Economists say the SAFE data, which measures net flows, may reflect trends in foreign companies’ profits and changes in the size of their operations in China. According to data from the National Bureau of Statistics, profits of foreign-funded enterprises in China fell by 6.7% year-on-year last year.
Previous figures released by the Commerce Department showed that new foreign direct investment into China fell to a three-year low last year. Economists say Treasury’s figures do not include reinvested profits from existing foreign companies and are less volatile than SAFE’s figures.
The government’s efforts to encourage foreign companies to return after the coronavirus pandemic is under control are insufficient, and further efforts will be needed if the Chinese government is to succeed in its objective. The continued weakness highlights how foreign companies are pulling money out of the country due to geopolitical tensions and rising interest rates in other countries.
Multinational companies have more incentive to hold cash overseas than in China, as developed countries raise interest rates even as the Chinese government lowers them to stimulate the economy. A recent survey of Japanese companies in China showed that most of them reduced or kept their investments flat last year, and the majority do not have a positive outlook for 2024. It was done.
Japanese companies added the least net new capital last year in at least a decade, with just 2.2% of Japan’s new overseas investment going to the mainland. This is less than its investment in Vietnam or India, and only about a quarter of its investment in Australia, according to Japanese government data released earlier this month.
Taiwanese companies have also become more reluctant to expand in China, with new investment last year the lowest since 2001, government figures showed last month. Taiwanese companies have traditionally been among the biggest investors in China, but since their peak in 2010 they have cut back on new capital investment in the world’s second-largest economy.
South Korean companies also cut investment in neighboring China last year, with new FDI falling by 91% in the first nine months of 2023 compared to the same period in 2022, the lowest level since 2002.

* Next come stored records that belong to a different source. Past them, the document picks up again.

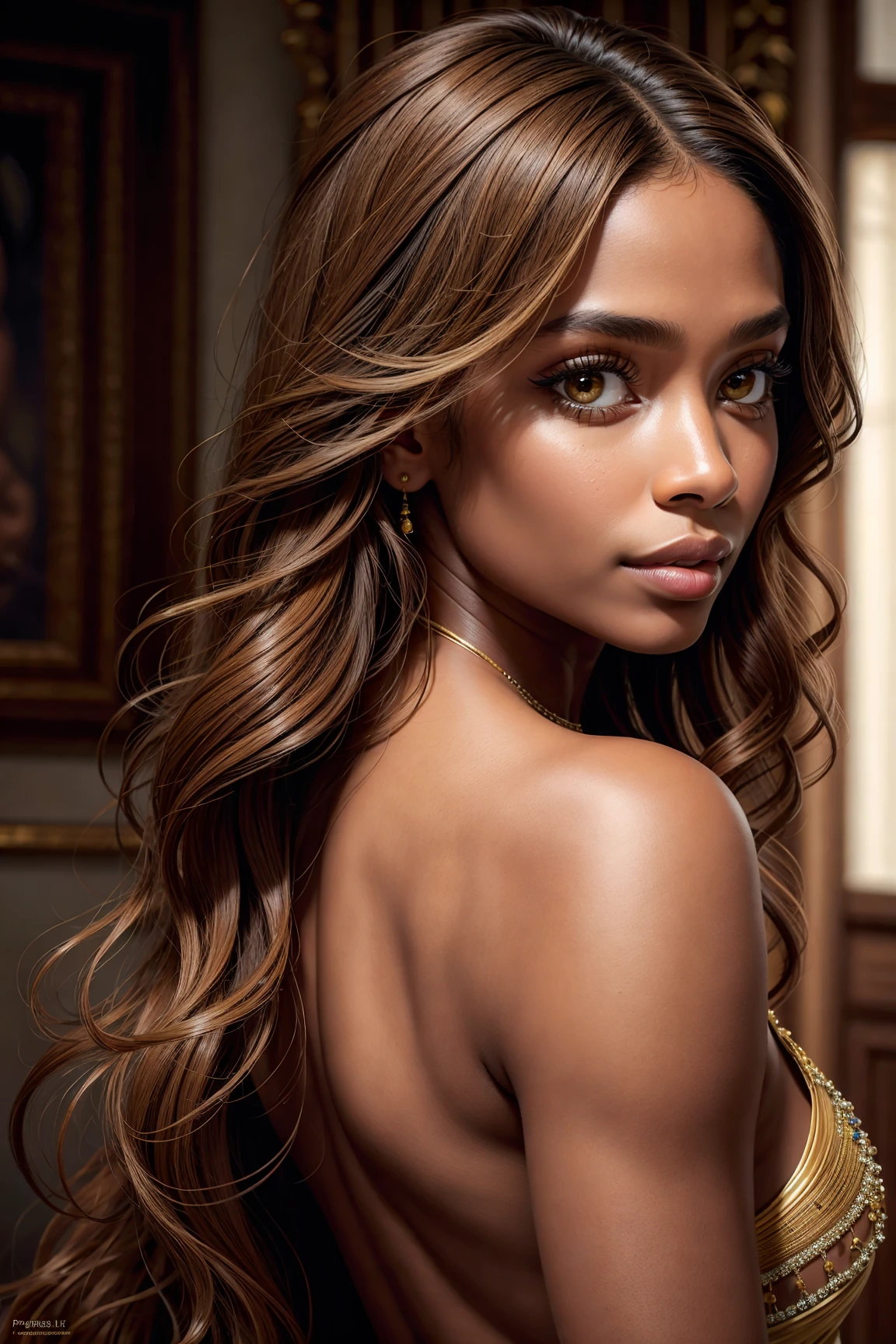 best quality, ultra high res, (photorealistic:1.4), masterpiece, 1girl, brown skin color, brown_eyes, from_behind, fur_trim, hair_over_one_eye, lips, long_hair, make up, looking_at_viewer, looking_back, nose, photo_\(medium\), photorealistic, realistic, solo, teeth, upper_body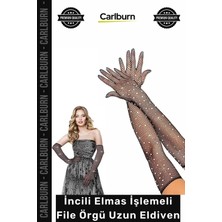 Carlburn #eldiven Şık Iddialı Zarif Likralı Uzun Siyah Renk Incili Elmas Işlemeli File Örgü Uzun Eldiven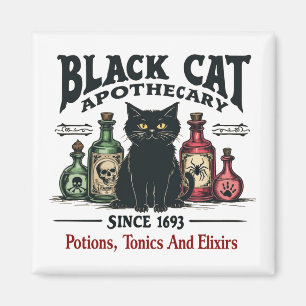 Aimant Rétro Scary Chat noir Apothecary Wicca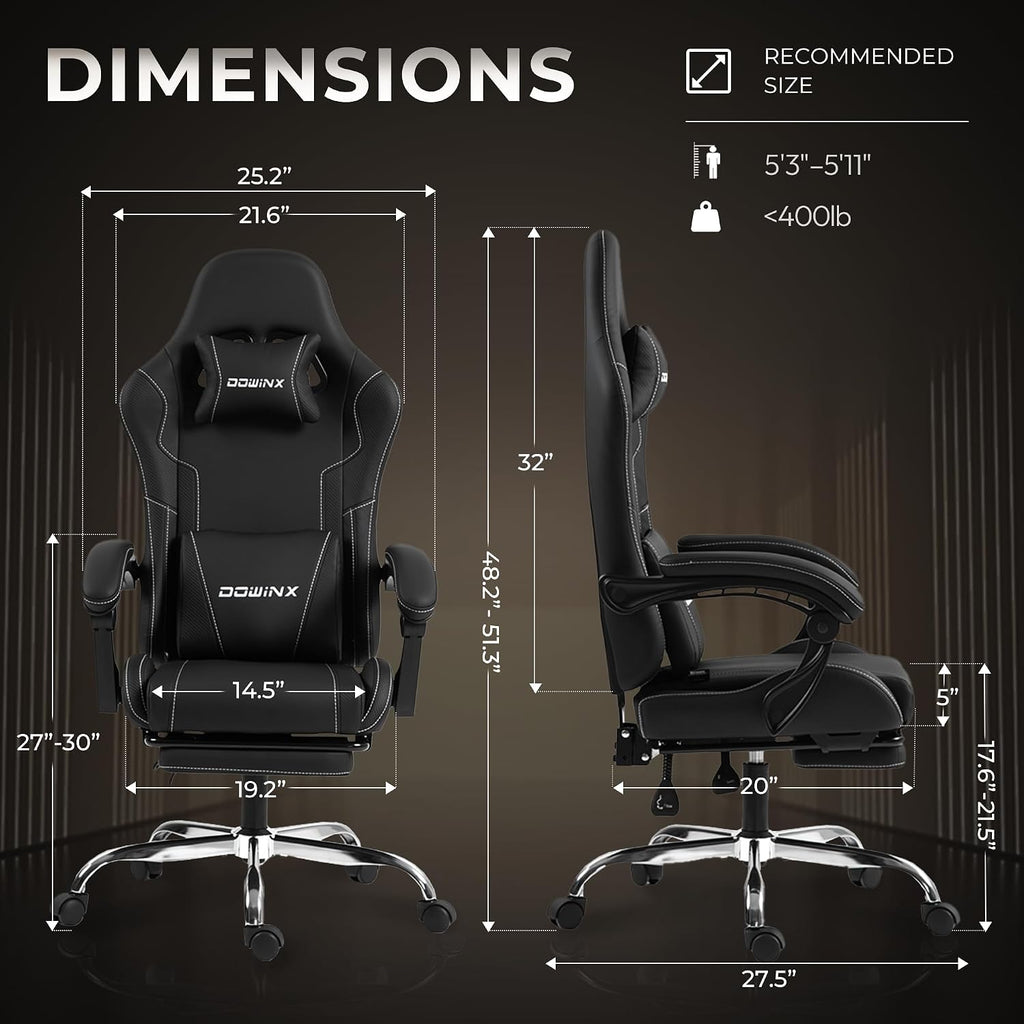 Ergonomic Gaming Chair with Footrest, Heavy Duty 330lbs Office Chair, Massage Lumbar Support, Adjustable Height & Headrest Pillow, Comfortable for Back Pain Relief, Streaming, Long Gaming, Black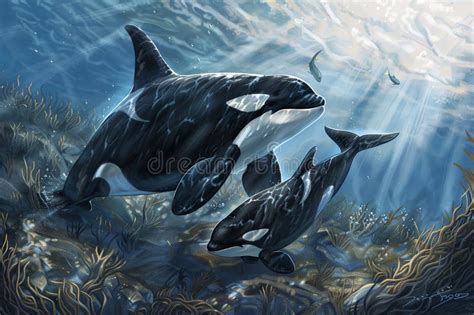 Mother Orca Teaches Her Calf Hunting Techniques in Sunlit Ocean Depths ...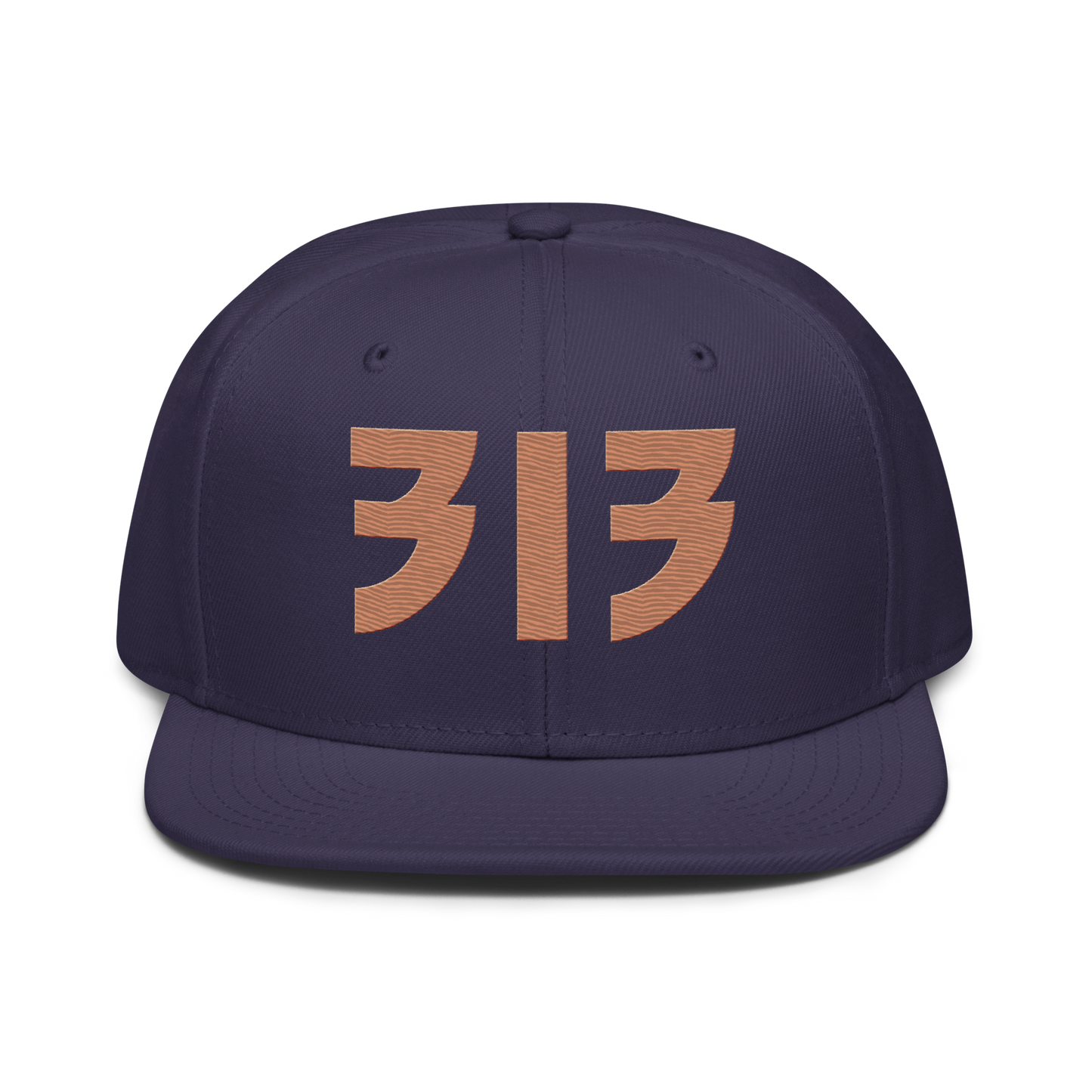 Detroit '313' Snapback (Glam Font) | 6-Panel - Copper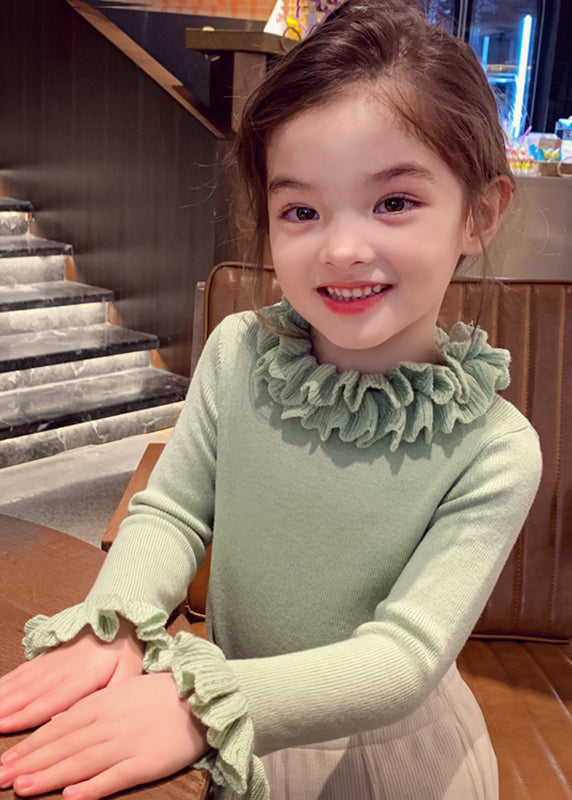 Green Patchwork Cotton Knit Sweater Petal Sleeve Tp041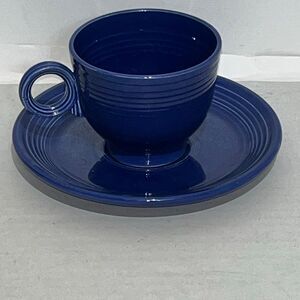 Vintage Fiesta Ware Ring Handle Glaze Tea Coffee Cup and Saucer Set Cobalt Blue‎
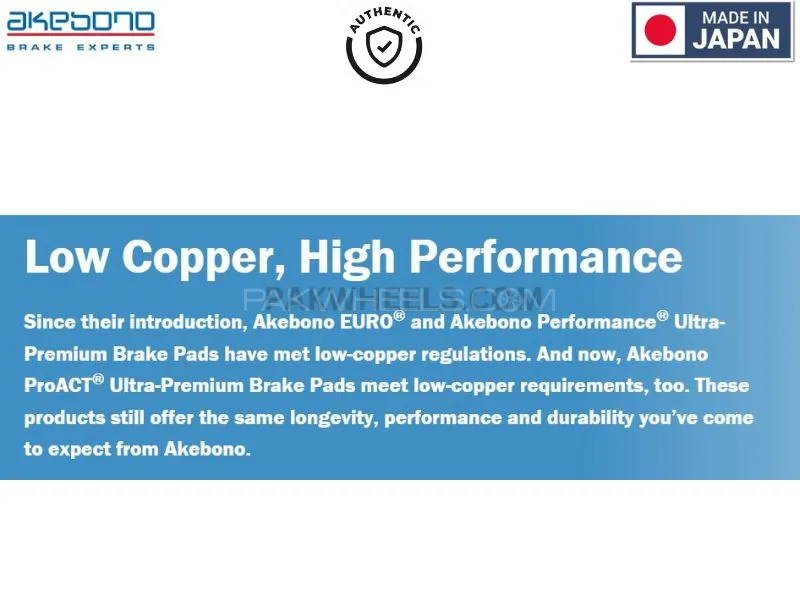 Toyota Camry 2006-2011 Front Brake Pads Akebono - Made in Japan Toyota Camry 2006-2011 Front Brake Pads Akebono - Made in Japan Image-4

However, there are some bright spots. Direct investment by German companies in China reached a record of around 12 billion euros ($13 billion) last year, according to a report by the German Institute for Economic Research based on data from the German Bundesbank.
This shows that the European Union is keen to expand in the world’s second-largest economy, even as it has increased scrutiny of these investments due to security concerns. According to the report, the share of Germany’s total foreign direct investment in China expanded to 10.3% last year, the highest since 2014.